From the start, Dread Nation presents a compelling and gripping narrative. I may or may not have stayed up until 2 AM reading it. Okay, I totally did. It’s just so good! The pacing is fast, and there’s plenty of action. It’s so easy to promise yourself, “just one more chapter…” until you’ve finished the entire book.
Jane is a wonderful protagonist, and I adored her narrative voice. She’s smart and strong willed, entirely capable. She’s also got just a touch of sarcasm to her, but not enough to get the point where it’s overwhelming or annoying. Oh, and the narrative briefly mentions that she’s bi, and there’s an ace supporting character! I’m so, so happy about this.
“See, the problem in this world ain’t sinners, or even the dead. It is men who will step on anyone who stands in the way of their pursuit of power.”
When trying to convince my friends to read Dread Nation, I’ve been giving the elevator pitch of, “Black girl fights both zombies and racism. Which is worse? Spoiler alert, it’s probably the racism.” Dread Nation obviously deals a whole lot with race and racism. Only black children are trained to fight the zombies, and they’re expected to protect white families. In fact, white people begin coming up with racist pseudo-science to explain why this should be. I’ve read other historical zombie stories where the divisions between people fall away in the face of the undead. Dread Nation takes a different view — in times of trouble, bigotry only increases.
One of the things I love about Dread Nation is how the most important relationship is between two female characters, Jane and Katherine. Katherine is a white-passing girl at Miss Preston’s school, and she and Jane are initially at odds. During the course of the story, events throw them together. Their alliance is uneasy to begin with, but by the end they are fast friends. I can’t tell you how much I loved their relationship arc! It’s also particularly wonderful to see a YA novel that prizes friendship over romance. While there’s definite hints of potential romances for Jane, it’s mostly left as something for the sequels to explore.
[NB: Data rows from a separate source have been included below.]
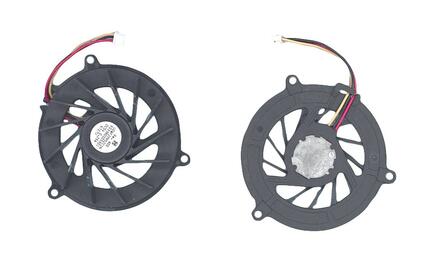 Вентилятор для ноутбука Sony Vaio VGN-N VER-2, 5V 0.29A 3-pin Panasonic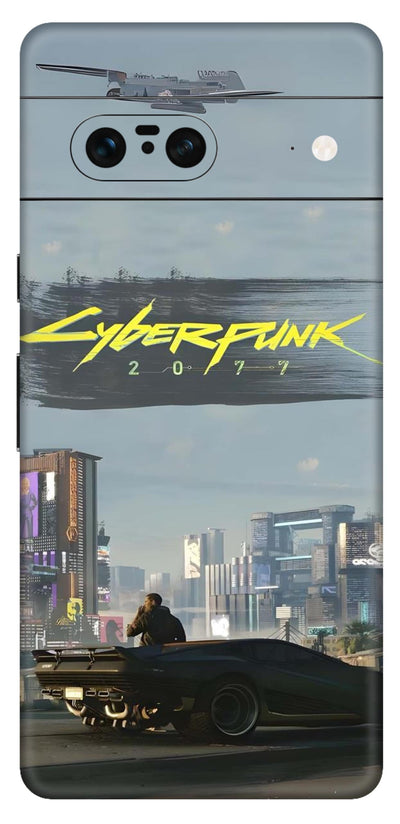 Cyberpunk 2077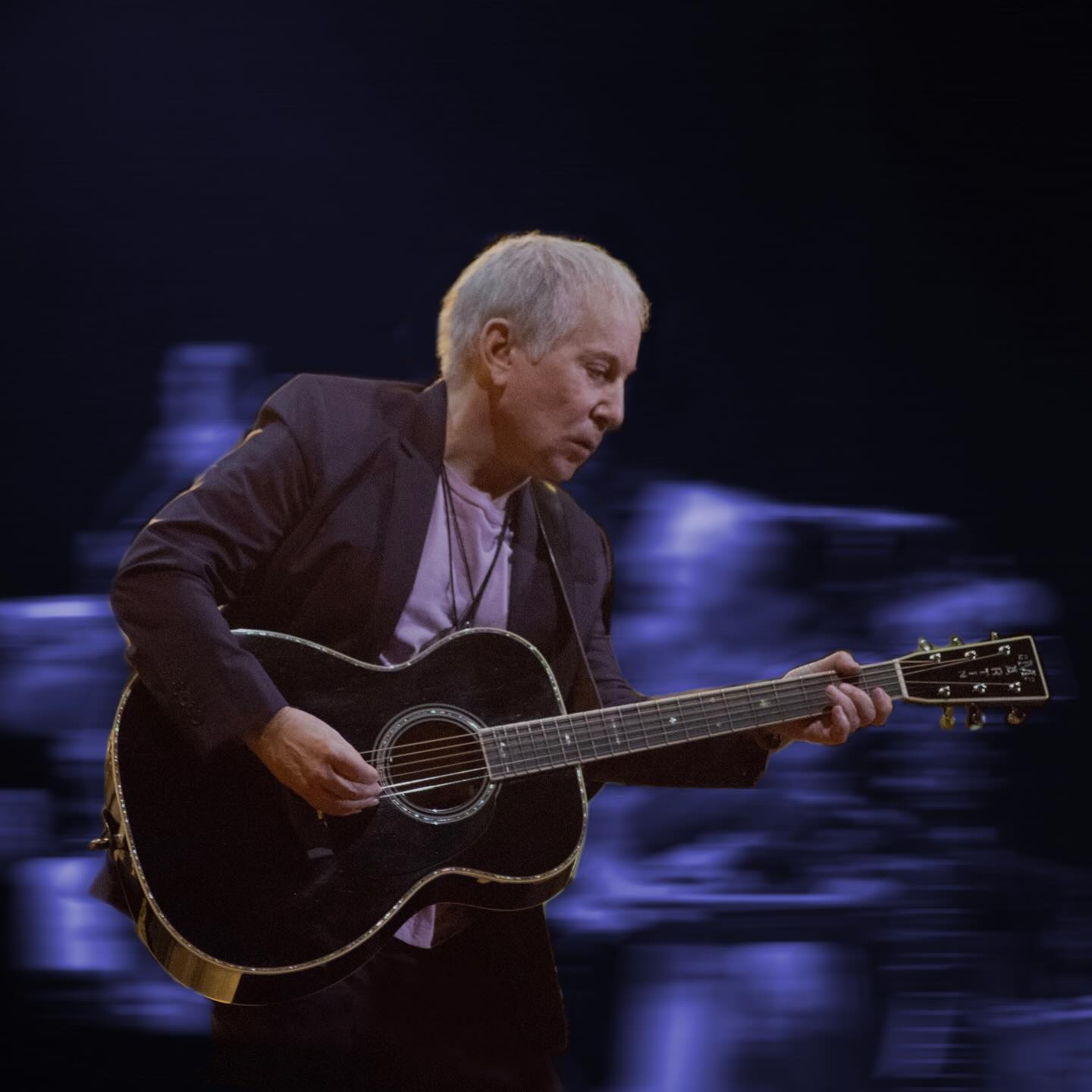 Paul Simon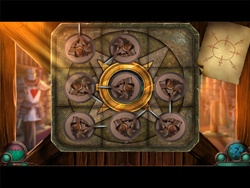 Nevertales: Smoke and Mirrors screenshot 3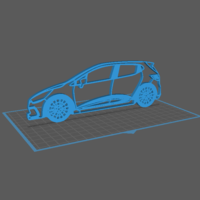 Renault - Clio 4 RS - Thumbnail 2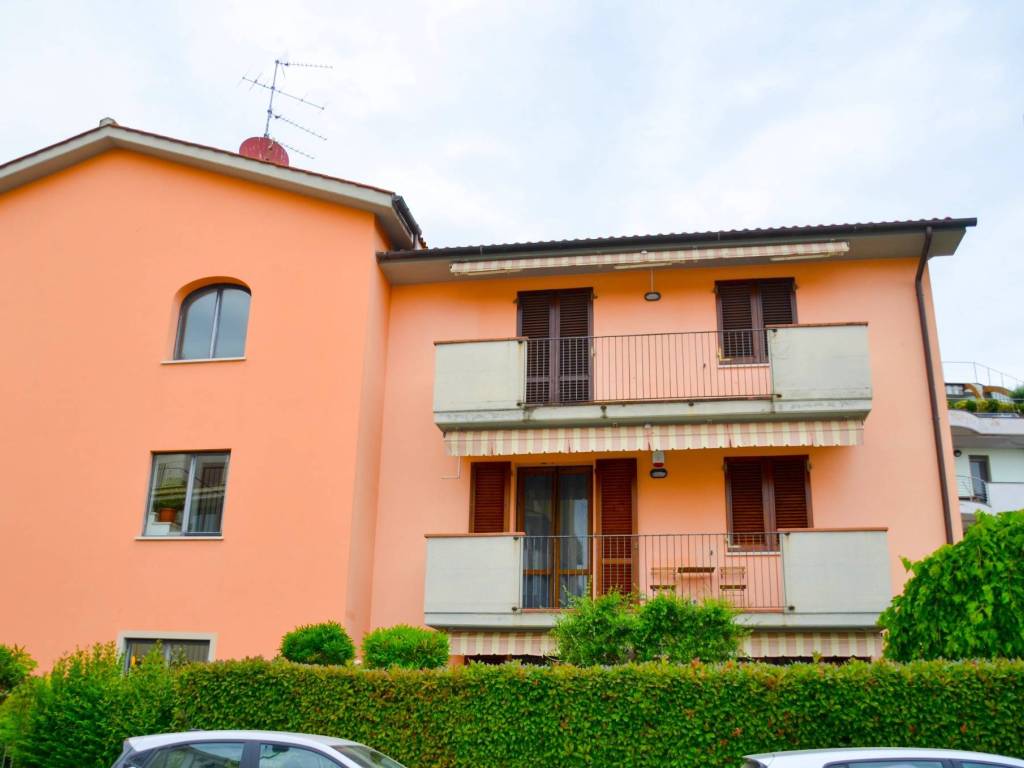 appartamento in vendita a Campi Bisenzio in zona Capalle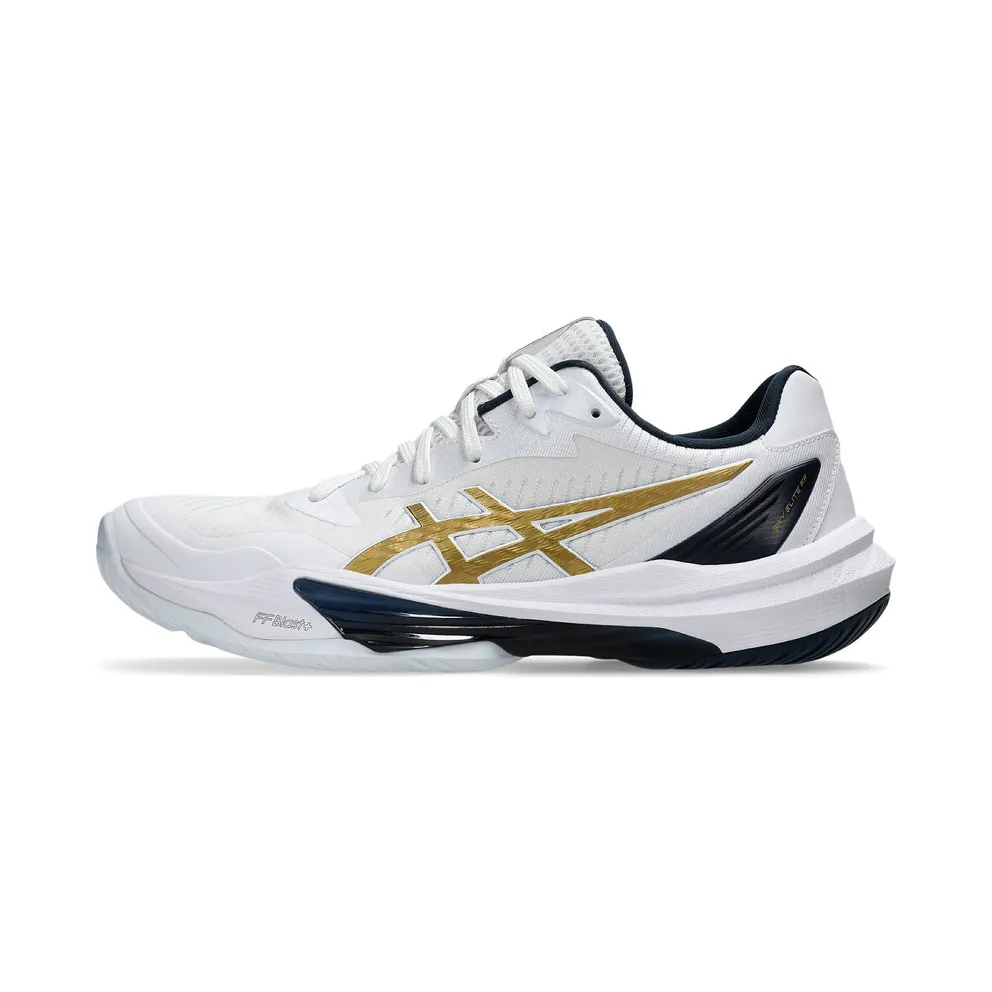 ASICS Sky Elite FF 3 White Pure Gold (1052A075-102)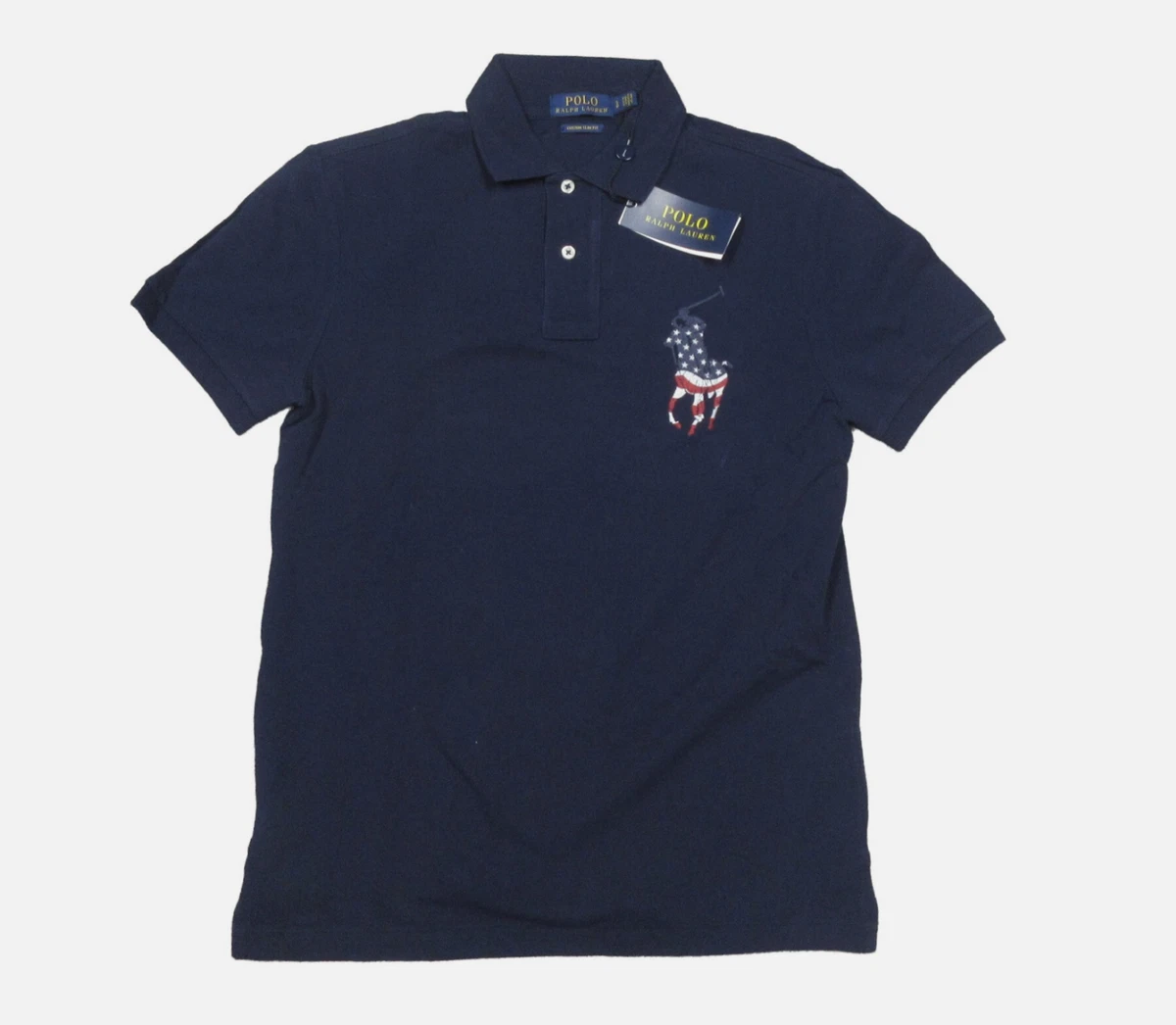 Polo Ralph Lauren ビッグポニー POLO RALPH LAUREN（ポロ・ラルフローレン） 【並行輸入品】 ポロ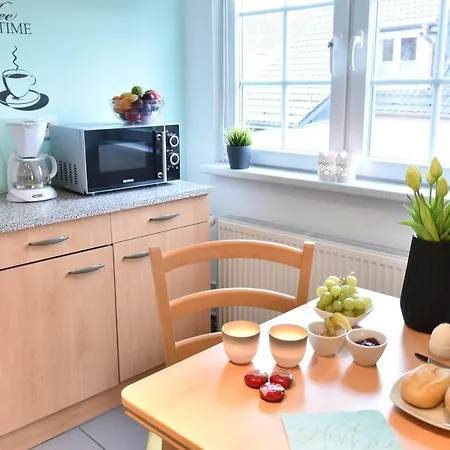Ost Apartment Flensburg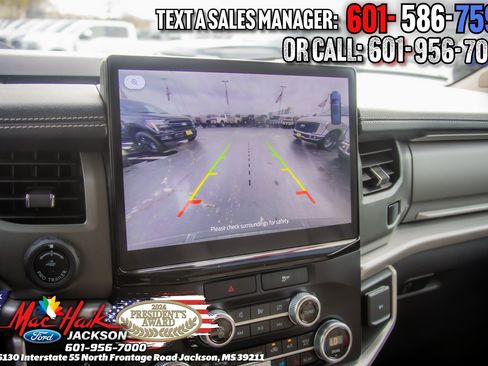 Certified 2023 Ford Expedition XLT image 15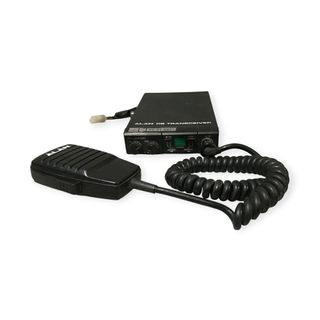 Emisora CB Alan 77-099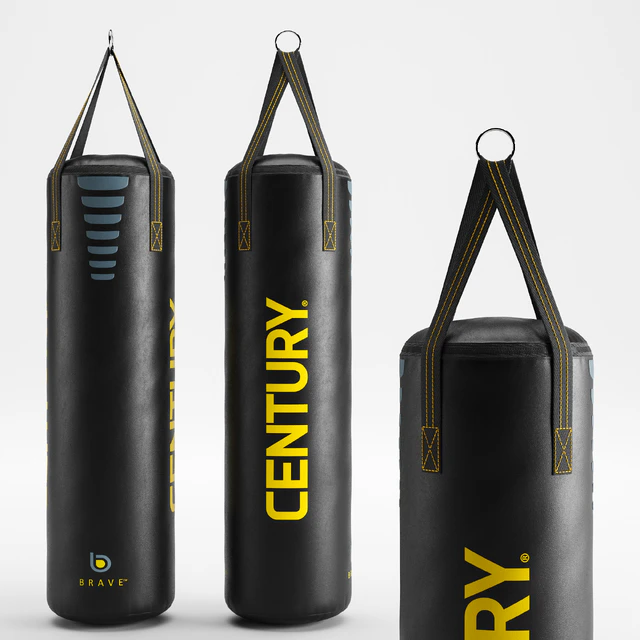 CENTURY Brave hanging Boxing bag — Скачать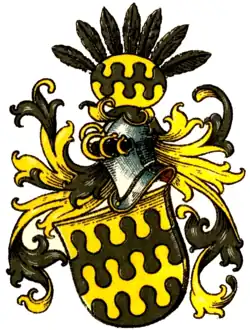 Вестфальских Будде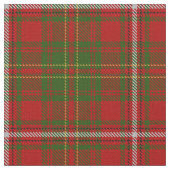 Hay Tartan ファブリック (クローズアップ)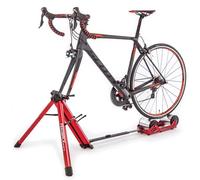 Feedback Rullo Di Allenamento Omnium Zero-drive Red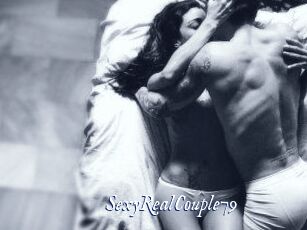 SexyRealCouple79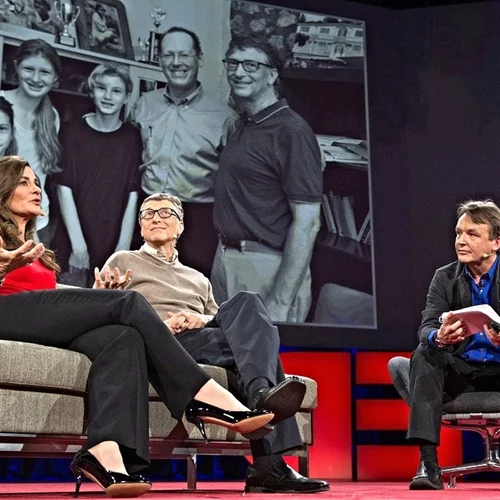 Οι κανόνες για τα χρήματα που οι πολύ πλούσιοι μαθαίνουν στα παιδιά τους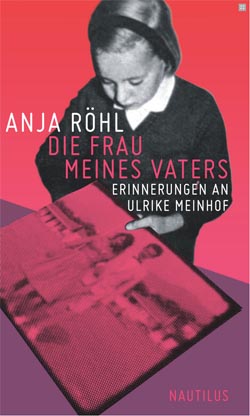 Cover Die Frau meines Vaters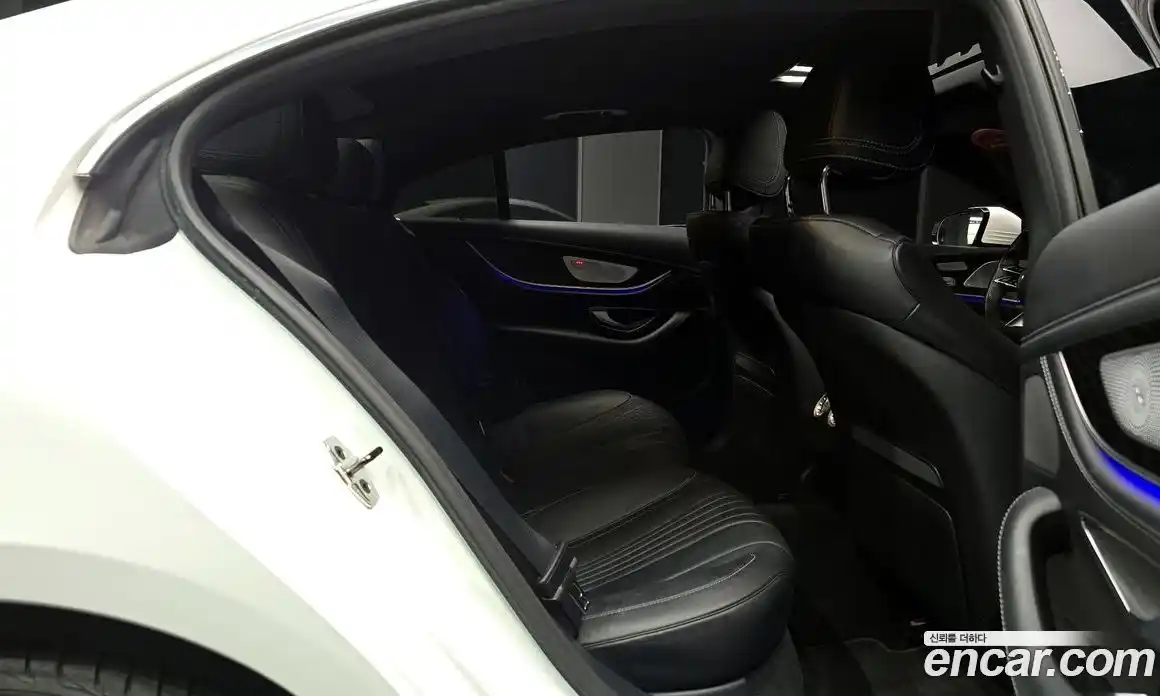 Mercedes-Benz CLS-Class 2022 2.0 Автомат в Москве № 290186, фото 19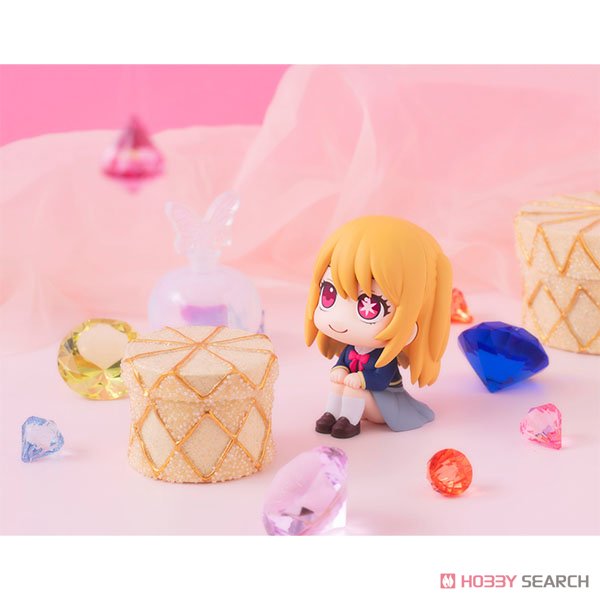 [PREORDER] Lookup 【Oshi no ko】Ruby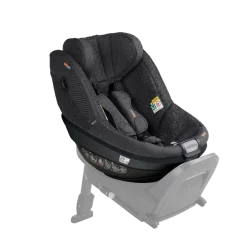 BeSafe Beyond² 360 - Anthracite Mesh-Std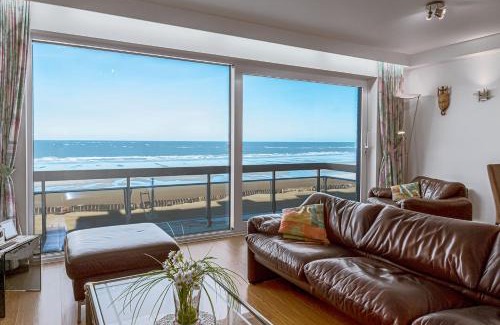 Sint-Idesbald Apartment | Zeesymfonie 0401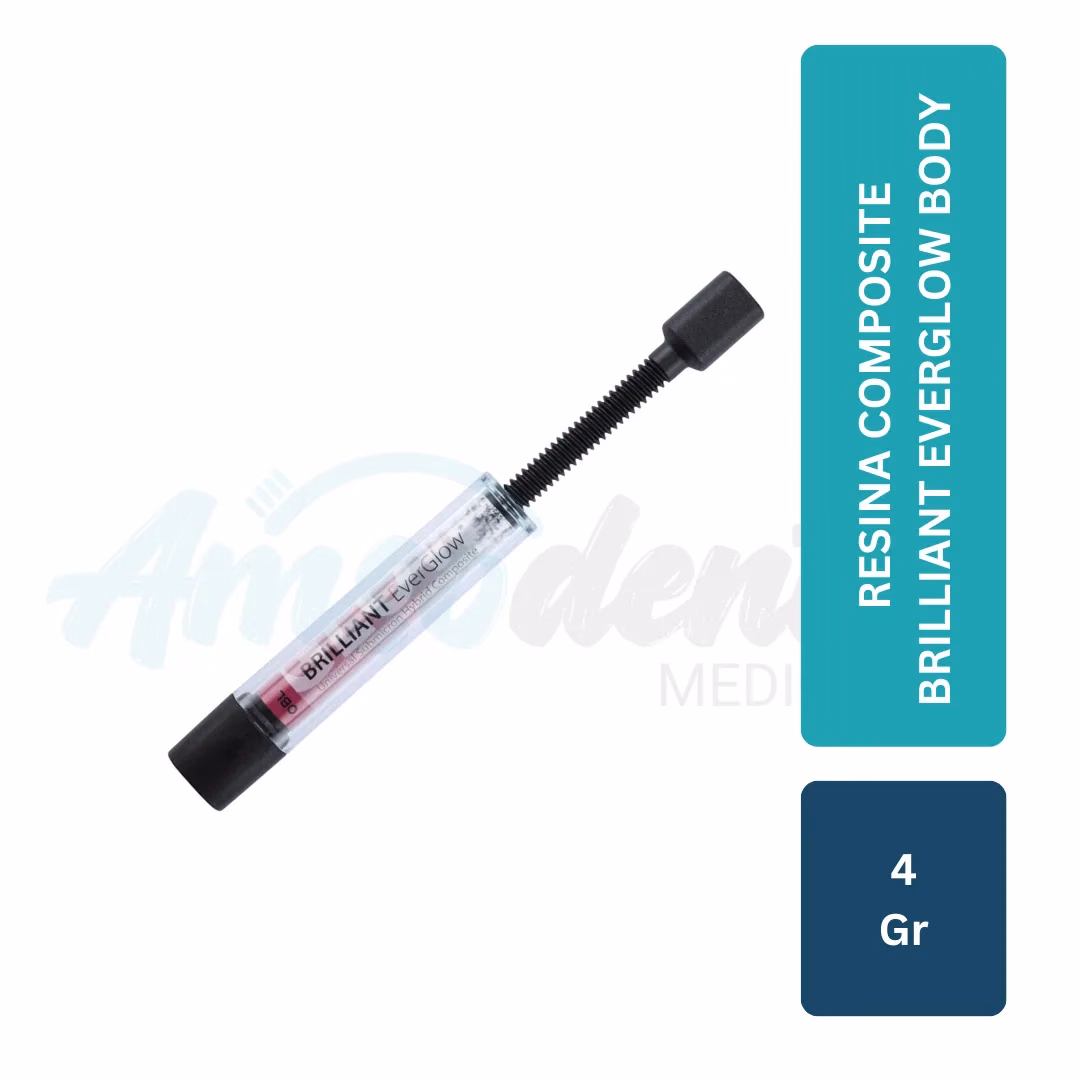 Resina Composite Brilliant EverGlow Body Coltene (4 g)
Each chapter begins with an excerpt, either from a letter from Jane to her mother or vice versa. I really liked this decision. Jane’s past and her relationship with her mother is a huge driving force. We get flashbacks to it throughout the book, but the excerpts from letters really help to strengthen the reader’s belief in their relationship.
It is worth mentioning that some Native American readers have critiqued the Native representation in Dread Nation. See Debbie Reese’s comments on the American Indians in Children’s Literature website, for instance.
Overall, my experience reading Dread Nation was wonderful. I’m sure this will be one of my favorite books of the year, and I can’t wait for book two!